亲爱的经济学家,
我生活在一个允许一夫多妻制、但男人大多只娶一个老婆的地方。我的一位朋友有两个老婆。有一次人家问他为什么娶俩,他调侃地说:“供应商更多就意味着竞争更激烈,为客户提供的服务更好。”通过直觉和观察,我知道,有两个老婆的人很少会过上“平静”的日子。作为经济学家,你会如何解释呢?
穆赫辛(Mohsin),巴基斯坦
亲爱的穆赫辛,
你朋友正在展示一句老话的真谛:唯一比经济学家更危险的就是半吊子经济学家。他说得对的地方在于,事后他有可能享受到竞争带来的好处,但他没有考虑事前议价的问题。
事实上,大多数反对一夫多妻制的人根本不识数。一夫多妻制并不会创造额外的老婆,只会改变婚配机制。少数富裕或其它方面有吸引力的男人,每人会娶多个女人。这样,其他女人就处在供不应求的状态,在议价中占据强势地位。(在父权社会,在议价中占据强势地位的是这些女人的父亲们,但这并非一夫多妻制本身所致。)女人们得到了更多的选择:她们可与别人共侍一位百万富翁,也可以从地位较卑微的男人中选择伴侣——这些男人有许多一辈子也娶不上老婆,想必他们每个人都十分渴望讨女人欢心。

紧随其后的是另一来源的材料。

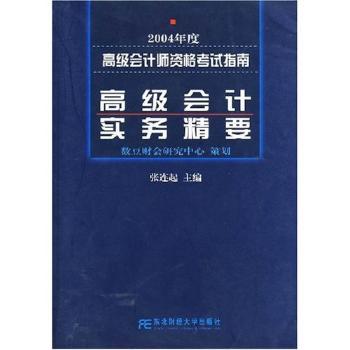 会计实务精要(2004年度会计师资格考试指南)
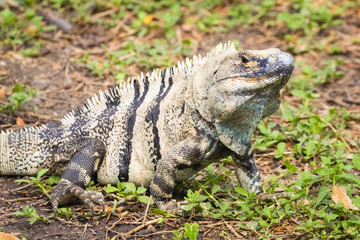 Grüner Leguan - Iguana iguana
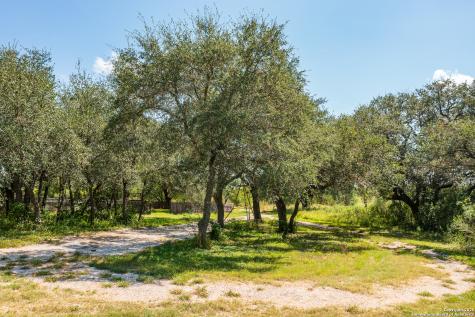 13831 Tx Highway 127 Sabinal TX 78881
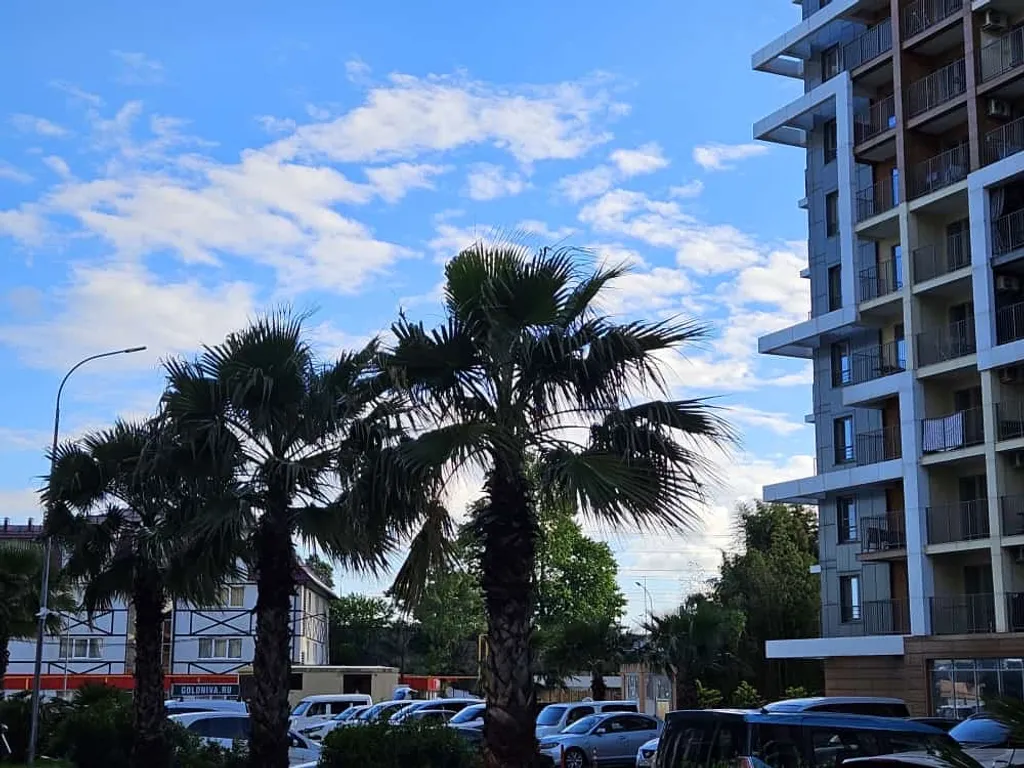 Апартаменты в ЖК Каравелла Португалии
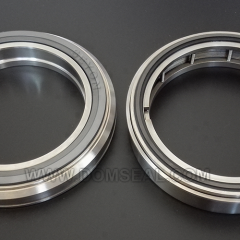 Titanium Seals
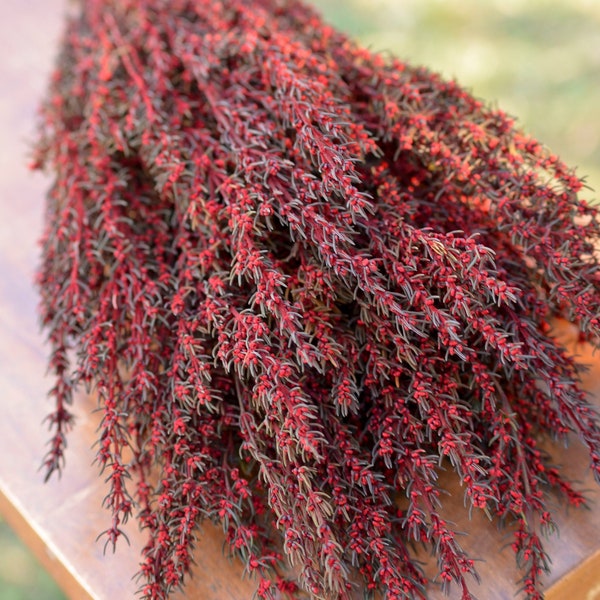 Bunch of red grabia, fall flowers, red flowers, small red accent flowers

你朋友或许已找到一种办法来享受他的“双妻”婚姻,尽管我对此表示怀疑。聪明的女人会在嫁给一夫多妻者之前附加约束条件。你朋友肯定找到了办法来摆脱约束——要么他就是在隐瞒自己的痛苦。但有一点无疑是清楚的:他减少了对其他男人的老婆供应,让他们处在非常不利的地位。我不知道你到底为什么还认他作朋友。
I live in a place where polygamy is allowed, but generally avoided. One of my friends has two wives. When asked why, he once quipped “more suppliers means more competition and better service for the customer”. Now I know, both intuitively and through observation, that people with two wives seldom lead “peaceful” lives. As an economist, how would you explain that?
Mohsin, Pakistan
Dear Mohsin,
Your friend is demonstrating the truth of the old saying that the only thing more dangerous than an economist is an amateur economist. He's right that ex post he potentially enjoys the benefits of competition, but he neglects the question of ex ante bargaining.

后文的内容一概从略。